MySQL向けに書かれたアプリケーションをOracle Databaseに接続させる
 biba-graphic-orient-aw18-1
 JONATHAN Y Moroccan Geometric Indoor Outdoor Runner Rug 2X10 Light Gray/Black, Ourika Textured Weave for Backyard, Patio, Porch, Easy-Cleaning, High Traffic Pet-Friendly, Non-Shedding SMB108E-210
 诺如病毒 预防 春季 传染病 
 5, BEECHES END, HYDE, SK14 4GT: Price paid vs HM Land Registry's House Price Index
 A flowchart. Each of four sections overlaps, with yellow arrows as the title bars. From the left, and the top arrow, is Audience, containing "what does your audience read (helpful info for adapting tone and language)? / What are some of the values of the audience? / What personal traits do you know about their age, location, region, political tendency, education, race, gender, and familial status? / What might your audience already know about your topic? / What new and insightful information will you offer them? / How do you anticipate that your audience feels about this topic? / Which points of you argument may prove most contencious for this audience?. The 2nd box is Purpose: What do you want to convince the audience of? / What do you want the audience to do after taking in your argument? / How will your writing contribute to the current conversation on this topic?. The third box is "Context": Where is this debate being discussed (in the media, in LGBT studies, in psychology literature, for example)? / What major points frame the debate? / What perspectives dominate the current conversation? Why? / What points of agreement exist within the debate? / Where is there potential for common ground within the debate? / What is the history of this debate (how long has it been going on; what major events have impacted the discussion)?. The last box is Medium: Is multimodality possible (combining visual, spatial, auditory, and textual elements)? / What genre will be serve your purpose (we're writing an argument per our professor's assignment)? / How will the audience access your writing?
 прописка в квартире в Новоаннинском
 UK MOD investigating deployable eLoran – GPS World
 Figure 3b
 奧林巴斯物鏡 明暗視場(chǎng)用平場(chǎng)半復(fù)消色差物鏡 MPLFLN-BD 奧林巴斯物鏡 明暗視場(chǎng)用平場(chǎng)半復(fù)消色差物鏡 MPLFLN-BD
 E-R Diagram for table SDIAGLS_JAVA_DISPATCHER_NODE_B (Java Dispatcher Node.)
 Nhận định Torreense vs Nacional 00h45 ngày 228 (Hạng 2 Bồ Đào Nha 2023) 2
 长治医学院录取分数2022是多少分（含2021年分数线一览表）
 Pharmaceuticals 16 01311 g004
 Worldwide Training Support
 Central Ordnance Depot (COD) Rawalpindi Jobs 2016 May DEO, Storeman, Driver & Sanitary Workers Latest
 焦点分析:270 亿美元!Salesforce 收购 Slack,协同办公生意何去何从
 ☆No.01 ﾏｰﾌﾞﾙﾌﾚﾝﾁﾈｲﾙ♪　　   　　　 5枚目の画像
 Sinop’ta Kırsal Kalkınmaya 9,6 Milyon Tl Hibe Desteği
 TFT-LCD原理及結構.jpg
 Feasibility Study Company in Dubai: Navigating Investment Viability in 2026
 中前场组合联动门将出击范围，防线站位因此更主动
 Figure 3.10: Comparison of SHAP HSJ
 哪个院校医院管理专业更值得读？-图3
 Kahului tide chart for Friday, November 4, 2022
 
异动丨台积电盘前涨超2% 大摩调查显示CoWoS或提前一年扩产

===============

__TASK REQUIREMENTS__
Print every line you see above, exactly as written.

__THE COMPLETED TASK__
MySQL向けに書かれたアプリケーションをOracle Databaseに接続させる
 biba-graphic-orient-aw18-1
 JONATHAN Y Moroccan Geometric Indoor Outdoor Runner Rug 2X10 Light Gray/Black, Ourika Textured Weave for Backyard, Patio, Porch, Easy-Cleaning, High Traffic Pet-Friendly, Non-Shedding SMB108E-210
 诺如病毒 预防 春季 传染病 
 5, BEECHES END, HYDE, SK14 4GT: Price paid vs HM Land Registry's House Price Index
 A flowchart. Each of four sections overlaps, with yellow arrows as the title bars. From the left, and the top arrow, is Audience, containing "what does your audience read (helpful info for adapting tone and language)? / What are some of the values of the audience? / What personal traits do you know about their age, location, region, political tendency, education, race, gender, and familial status? / What might your audience already know about your topic? / What new and insightful information will you offer them? / How do you anticipate that your audience feels about this topic? / Which points of you argument may prove most contencious for this audience?. The 2nd box is Purpose: What do you want to convince the audience of? / What do you want the audience to do after taking in your argument? / How will your writing contribute to the current conversation on this topic?. The third box is "Context": Where is this debate being discussed (in the media, in LGBT studies, in psychology literature, for example)? / What major points frame the debate? / What perspectives dominate the current conversation? Why? / What points of agreement exist within the debate? / Where is there potential for common ground within the debate? / What is the history of this debate (how long has it been going on; what major events have impacted the discussion)?. The last box is Medium: Is multimodality possible (combining visual, spatial, auditory, and textual elements)? / What genre will be serve your purpose (we're writing an argument per our professor's assignment)? / How will the audience access your writing?
 прописка в квартире в Новоаннинском
 UK MOD investigating deployable eLoran – GPS World
 Figure 3b
 奧林巴斯物鏡 明暗視場(chǎng)用平場(chǎng)半復(fù)消色差物鏡 MPLFLN-BD 奧林巴斯物鏡 明暗視場(chǎng)用平場(chǎng)半復(fù)消色差物鏡 MPLFLN-BD
 E-R Diagram for table SDIAGLS_JAVA_DISPATCHER_NODE_B (Java Dispatcher Node.)
 Nhận định Torreense vs Nacional 00h45 ngày 228 (Hạng 2 Bồ Đào Nha 2023) 2
 长治医学院录取分数2022是多少分（含2021年分数线一览表）
 Pharmaceuticals 16 01311 g004
 Worldwide Training Support
 Central Ordnance Depot (COD) Rawalpindi Jobs 2016 May DEO, Storeman, Driver & Sanitary Workers Latest
 焦点分析:270 亿美元!Salesforce 收购 Slack,协同办公生意何去何从
 ☆No.01 ﾏｰﾌﾞﾙﾌﾚﾝﾁﾈｲﾙ♪　　   　　　 5枚目の画像
 Sinop’ta Kırsal Kalkınmaya 9,6 Milyon Tl Hibe Desteği
 TFT-LCD原理及結構.jpg
 Feasibility Study Company in Dubai: Navigating Investment Viability in 2026
 中前场组合联动门将出击范围，防线站位因此更主动
 Figure 3.10: Comparison of SHAP HSJ
 哪个院校医院管理专业更值得读？-图3
 Kahului tide chart for Friday, November 4, 2022
 
异动丨台积电盘前涨超2% 大摩调查显示CoWoS或提前一年扩产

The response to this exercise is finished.